Task to carry out: What is needed here is an exact repetition of the records below, beginning at the line that has "Купить Конструктор 3D" and stopping after the line that has "ablukaonline Ανδρικό μπλουζάκι".

Source material:
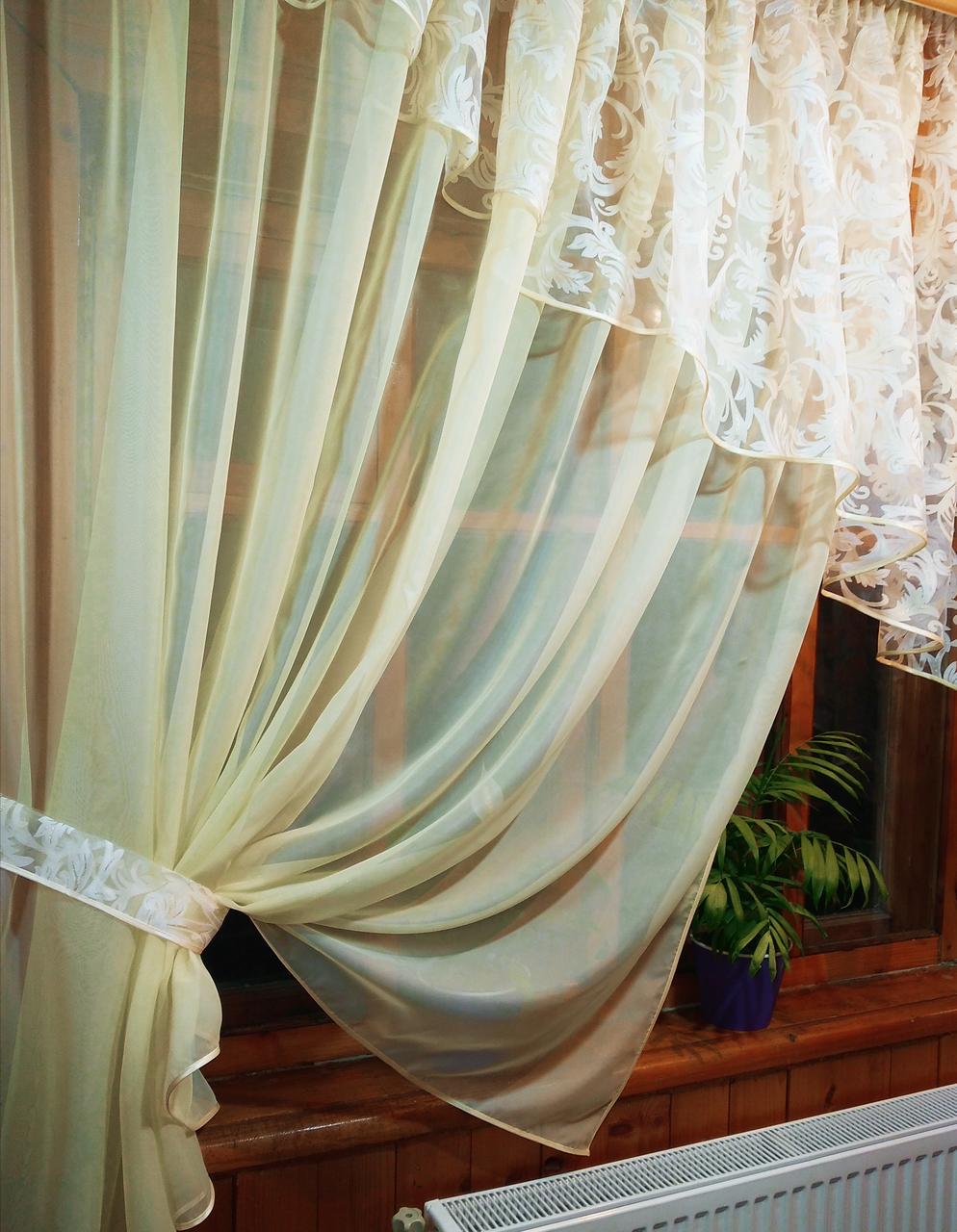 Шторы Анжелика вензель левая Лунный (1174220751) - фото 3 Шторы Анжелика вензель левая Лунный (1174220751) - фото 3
...
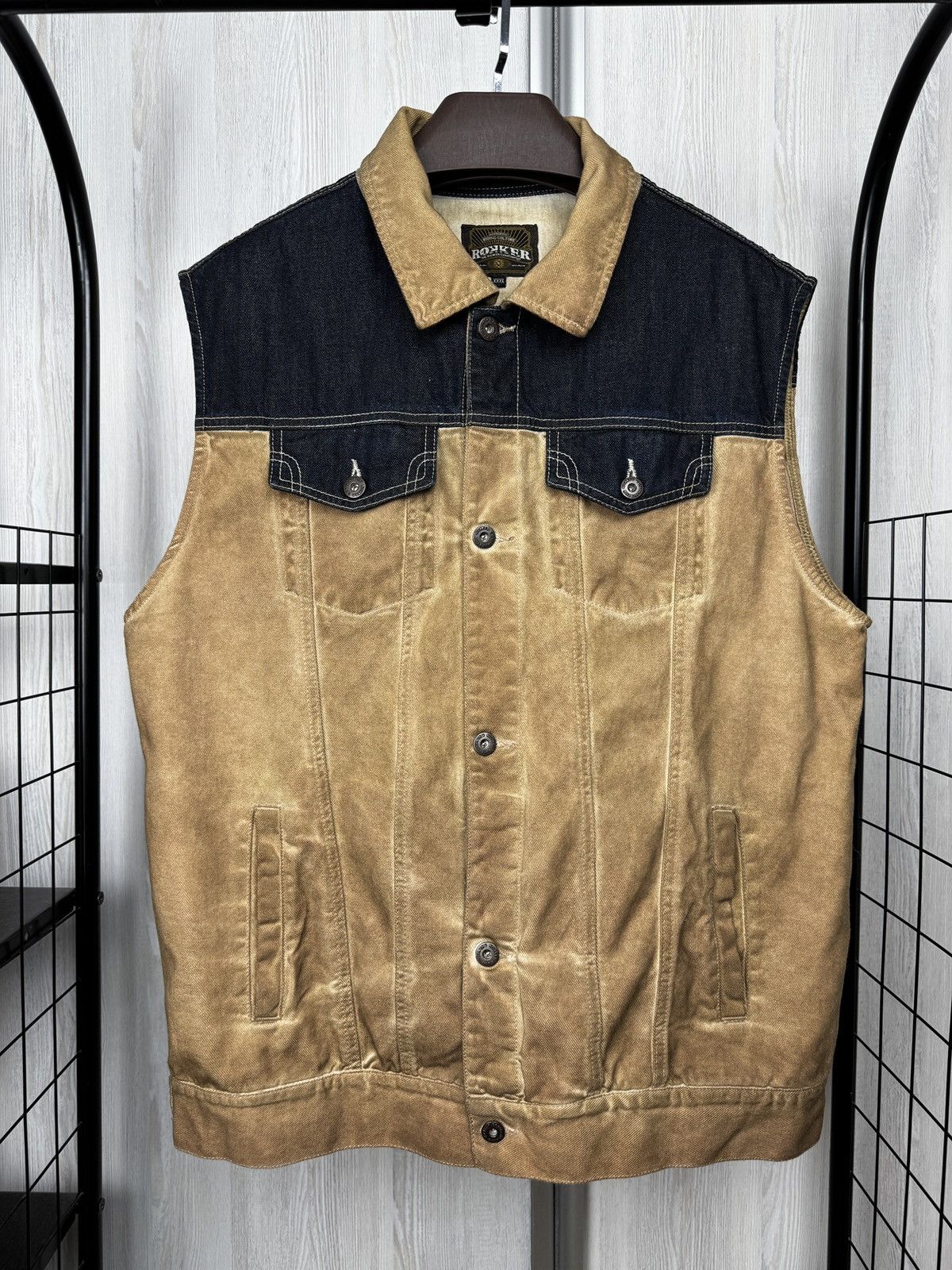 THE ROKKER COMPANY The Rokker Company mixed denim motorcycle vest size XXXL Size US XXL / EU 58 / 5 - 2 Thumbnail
...
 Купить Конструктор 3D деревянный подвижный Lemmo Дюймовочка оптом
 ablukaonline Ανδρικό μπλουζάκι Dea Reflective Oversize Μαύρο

Response:
 Купить Конструктор 3D деревянный подвижный Lemmo Дюймовочка оптом
 ablukaonline Ανδρικό μπλουζάκι Dea Reflective Oversize Μαύρο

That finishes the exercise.